The report describes how FTX was led by Sam Bankman-Fried (SBF), with other executives almost universally deferring to him. The report also highlights unmanaged so-called ‘key person risk’ with one executive saying, “If Nishad (Singh, the firm’s director of engineering) got hit by a bus, the whole company would be done. Same issue with Gary.”
FTX also lacked an internal audit team, and many of its entities worked without key financial and risk personnel including chief financial officers, chief risk officers, or a global controller. However, before FTX’s potential listing on NASDAQ, the company needed to demonstrate that it had internal controls in place. As a result, employees were instructed to adapt versions provided by FTX’s accountants to their own procedures in less than a day.
According to the report, no employees were ever trained to use these procedures.
FTX wallets weren’t multi-sig
Furthermore, FTX had no personnel dedicated to cybersecurity and stored the private keys to its crypto assets ‘hot’ in Amazon Web Services (AWS). This ran contrary to SBF and FTX’s insistence that the company operated separate hot and cold wallets.
Alarmingly, these wallets were not multi-signature wallets, and many private keys and confidential account details were stored in plain text without encryption. Not only that, many had no backup procedure meaning they could easily be lost.
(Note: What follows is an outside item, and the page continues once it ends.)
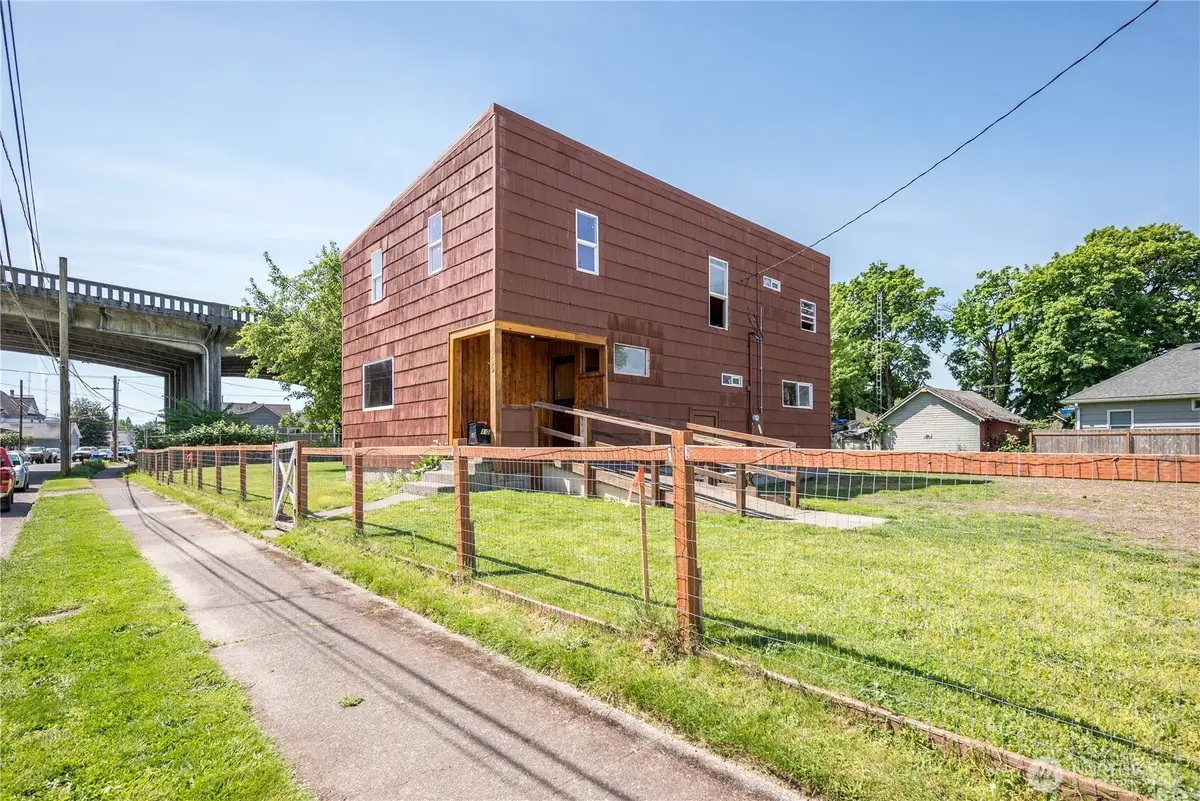309 Nw 2nd Avenue, Kelso, WA 98626 - #1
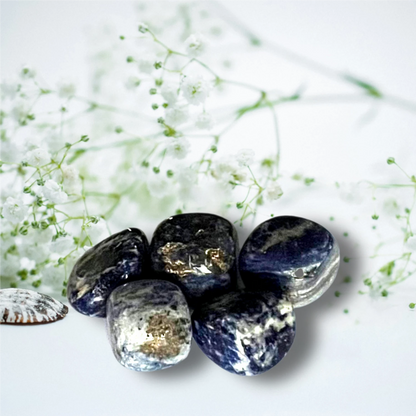 © SASARA • Mindfully-Sourced, High-Quality Lapis Lazuli Crystals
Alameda keys were sometimes simply labeled ‘use this’ or ‘do not use.’ The passwords for the nodes maintaining many of these wallets were stored in plain text and committed to the code repository, as well as being frequently reused between nodes.
Read more: Bitfinex and unknown sources deposit $13M in Alameda Research crypto wallet
FTX did a poor job of maintaining appropriate privileges and separations between its systems. Many users had access to the various wallets, instead of it being restricted to the smallest possible number of users and the company even failed to enforce 2FA for its password-management system.
Infrastructure was also shared between FTX, FTX US, and Alameda preventing these entities from being appropriately segregated. The companies also lacked alerts to flag when any of its wallets or their root AWS credentials were used.
FTX’s software deployment process also neglected to implement protections to ensure the software being deployed was safe to use, failing to check third-party software and using only minimal code review and testing procedures.
The exchange’s accounting system is also described as inadequate for the scale of its operations. It relied on Quickbooks, Google Documents, Slack, and basic spreadsheets to track its financial situation, with 56 entities not producing financial statements of any kind. Other reports were not produced regularly or on a timely basis and review of the documents didn’t occur. Key documents including documenting related party loans weren’t accurate or present.
The report further describes how thousands of ‘deposit checks’ weren’t deposited regularly and would accumulate like ‘junk mail.’
According to the report, Alameda was often unaware of its own positions and it wasn’t possible to determine how many of the positions were marked. One ‘portfolio summary’ reportedly contained the instruction for Alameda employees to “come up with some numbers? idk.” SBF described Alameda as “hilariously beyond any threshold of any auditor being able to even partially get through an audit.”
He added that “we are only able to ballpark what its balances are” and “sometimes find $50 million of assets lying around that we lost track of; such is life.”
Alameda was given an unlimited ability to trade
The report talks about how the FTX group had over 1,000 accounts on crypto exchanges around the world, but kept no centralized record of where they were or how many assets they held. Interestingly, many of the accounts were created with email addresses, names, and shell companies that appeared to have no connection to FTX.
Many of the accounting difficulties were compounded by the fact that assets and liabilities seemed to move fluidly across the enterprise with no respect for formal corporate boundaries or ensuring there was adequate documentation.
The report also re-iterates the many special privileges that Alameda was given for trading on FTX. These included having an effectively unlimited ability to trade and withdraw assets, including customer assets, from FTX. It was also exempted from auto-liquidation. Other market makers were sometimes granted credit lines of up to $150 million if their balance went below zero, but none were allowed to withdraw in that state and Alameda alone had a credit line of $65 billion.
Read more: Panic and resignations reign over FTX’s final days
The report also re-tells the story of Brett Harrison’s resignation from FTX US, highlighting how after raising concerns about structure and controls at FTX US, his bonus was reduced and he was told to apologize.
The report asserts that the debtors in possession have so far been able to identify over $1 billion worth of crypto assets which were largely undocumented in the records. The process of identifying these included developing software to identify keys that were stored in the computing environment. Millions of documented keys were eventually identified.
FTX also apparently failed to establish appropriate controls and procedures while enabling Alameda to effectively gut the exchange.
SBF has been indicted on 12 counts so far, and has plead not guilty.